O juntador de moedas

Por volta das 19h20 do dia 15 de abril, olho pelo reflexo da janela de uma van e deparo-me com a seguinte cena: um cidadão simples, com os embargos da sobrevivência nas costas, contando moedinha por moedinha no chão esburacado de uma calçada — quase como se fosse um ritual ao fim do dia. Qual valor têm, para seu João (nome fictício), esses trocados? Talvez uma moedinha para o pão, outra para o café e, quem sabe, a próxima para a aguardente após mais um dia árduo de trabalho.

Será que João tem consciência de que seu trabalho poderia ser remunerado como o de um trabalhador comum? Pergunto-me: ao invés de juntar moedas, poderia ele estar ganhando notas, a fim de garantir uma sobrevivência digna?

0,05 centavo: assim confirma-se a pequena esperança de, trocado em trocado, garantir um simples café da manhã.

0,10 centavo: a sensação de um pouco mais! Talvez possa comprar um pequeno lanche para sustentar a fadiga.

0,25 centavo: oh, essa é melhor! Já se consegue, talvez, completar um café da manhã — que sonho!

0,50 centavo: um mero cidadão teve a compaixão de olhá-lo com piedade e dar-lhe um pouco a mais. Que felicidade para tal senhor! Será que dará para completar um almoço?

0,75 centavo: meu Deus! É quase o máximo. O mesmo deve pensar: "Posso até conseguir comprar uma passagem" — e deixar os rastros de suas raízes em outros lugares.

1,00 real: finalmente, o “major”! Com quantas moedas dessas pode-se garantir o café, um almoço completo e, talvez, um jantar irregular. Imagine só, que grande alegria ainda ter algo para se alimentar ao fim da noite, depois de passos calejados pelo trabalho.

Eis-me aqui, em reflexão: que sociedade é essa, que se contenta em ver a felicidade de um simples morador de rua ao amontoar seus trocos, enquanto outros gozam de tufos de notas — pois é, notas — 5 reais, 10 reais, 20 reais, 50 reais, 100 reais, e até 200 reais! Inacreditável. Será que João consegue ver a vida além da sobrevivência? Será que nossa sociedade, no geral, está pronta para ter uma visão além do sustento material, do trabalho árduo e de contar os trocos magros no fim do mês?

João, nunca mais o verei, mas vejo em seu ato e em seu olhar um guerreiro invisível aos olhos de uma sociedade doente. Desejo-lhe, do fundo do coração: que um dia conte notas, grandes notas, e garanta o que realmente merece — assim como todos nós, meros cidadãos dominados, também temos direito!

Não me julgue por convicções políticas polarizadas por apenas defender que as pessoas tenham condições dignas de ter um lar, acesso à saúde, à educação, ao lazer e, principalmente, à fonte maior da felicidade. Que sejamos parte de um grupo que batalha não apenas pela sobrevivência, mas que busca enxergar o caminho da plenitude.

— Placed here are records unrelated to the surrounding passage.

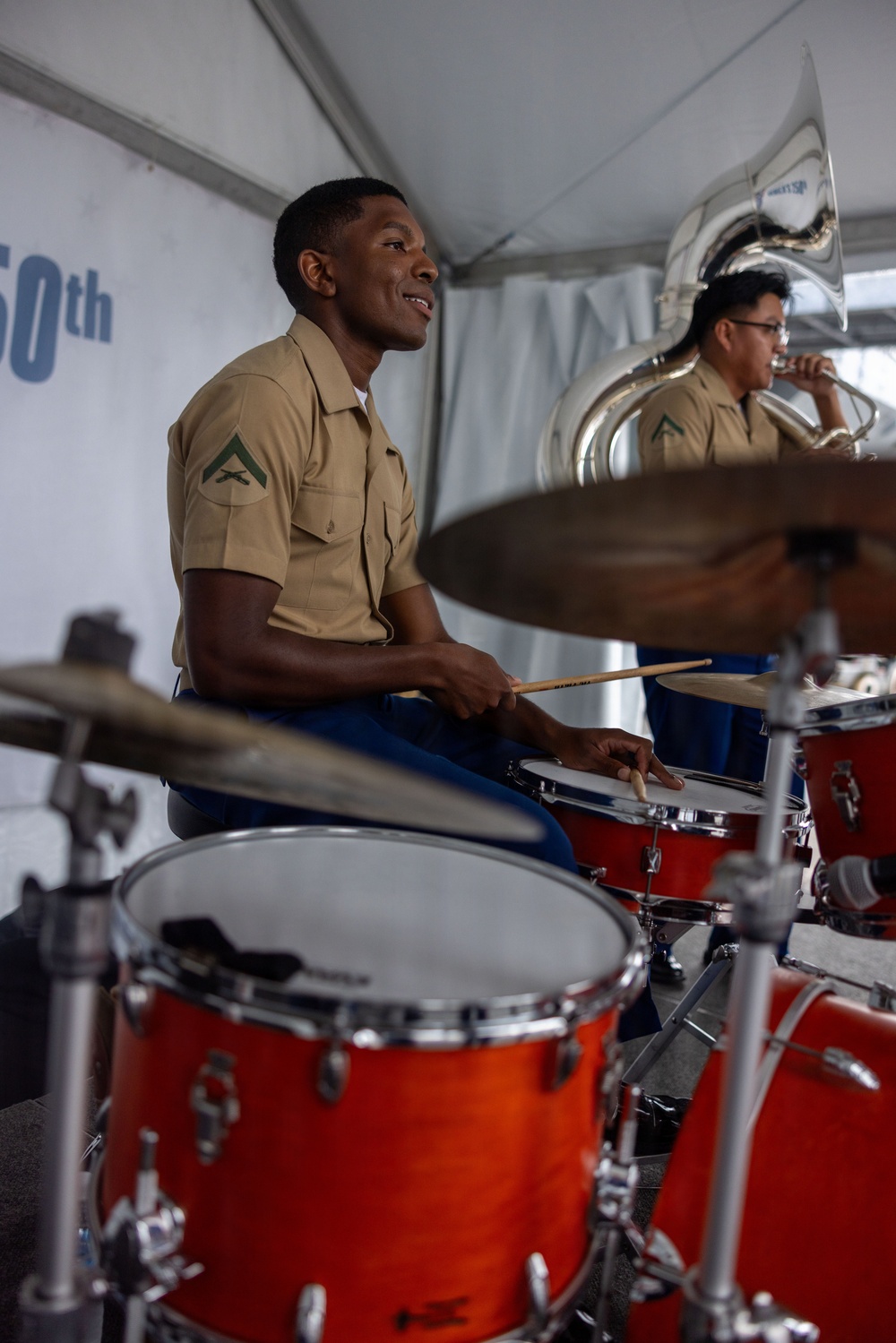 2nd Marine Division and Coast Guard Band Perform at the Intrepid Museum during INR 250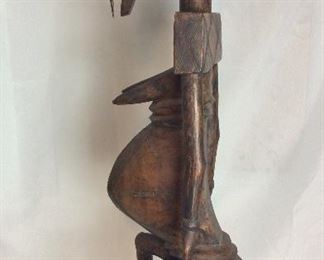 Carved Wood Fertility Statue, 39" H.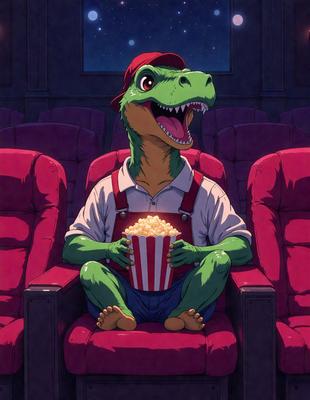 The primary subject of the image is a cartoon dinosaur sitting in a theater, holding a bag of popcorn. The setting is a movie theater, with several chairs visible in the background. The visual style is a comic or cartoon illustration, giving the image a playful and lighthearted atmosphere. The colors are predominantly shades of green, red, and purple, which are typical of a dinosaur and theater setting.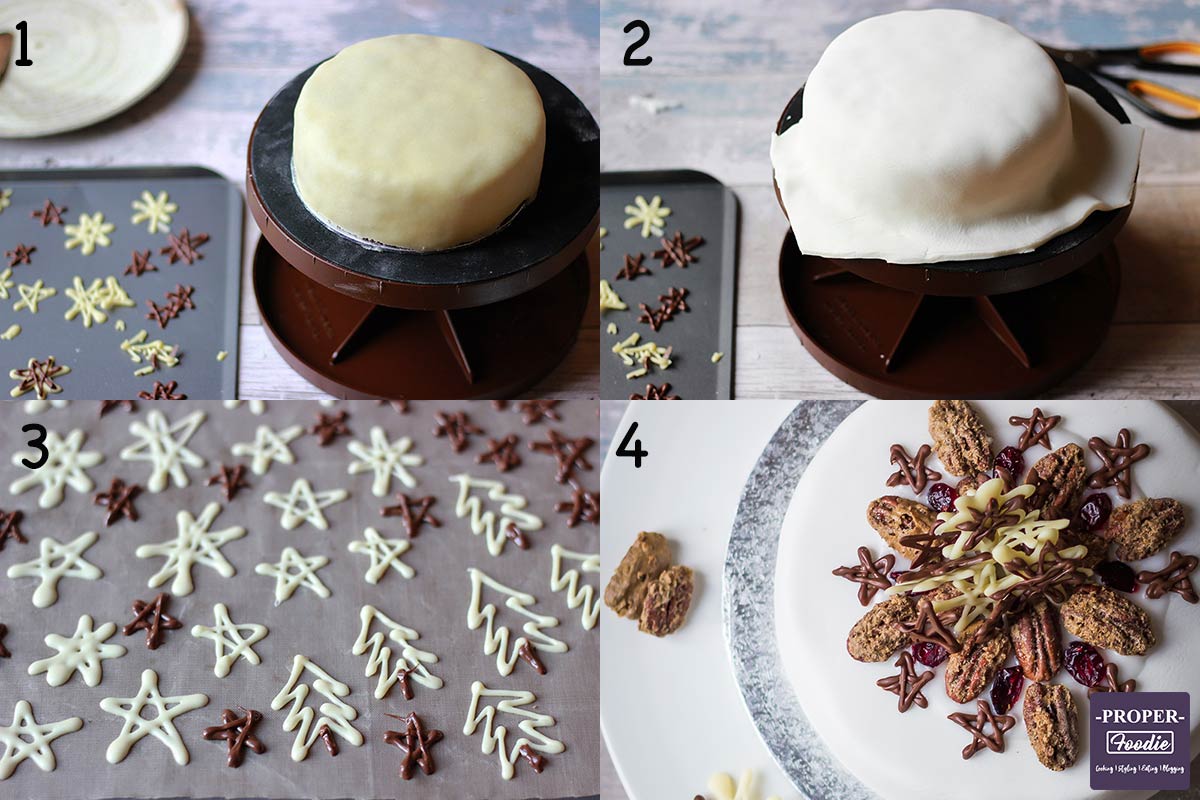 Four images showing how to ice and decorate a Christmas cake step by step for instructions 1-4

João é só mais um exemplo da desigualdade social gritante em nosso país, mas merece ser visto — assim como tantos outros "Joões" existentes no Brasil.

Como última provocação, deixo-lhes: olhem além da superficialidade, percebam o mundo fora de sua bolha. Não sejam pessoas subjacentes à situação miserável em que se encontram nossos irmãos. Reflitam. Ajam. Principalmente, ajam — garantindo assim uma sociedade participativa em causas sociais e públicas. Enquanto cada um se preocupar apenas com o próprio umbigo, esquecerá daquele que conta suas moedas com a intenção de comprar um utensílio básico do dia a dia. Sejamos humanos em nossa total potencialidade.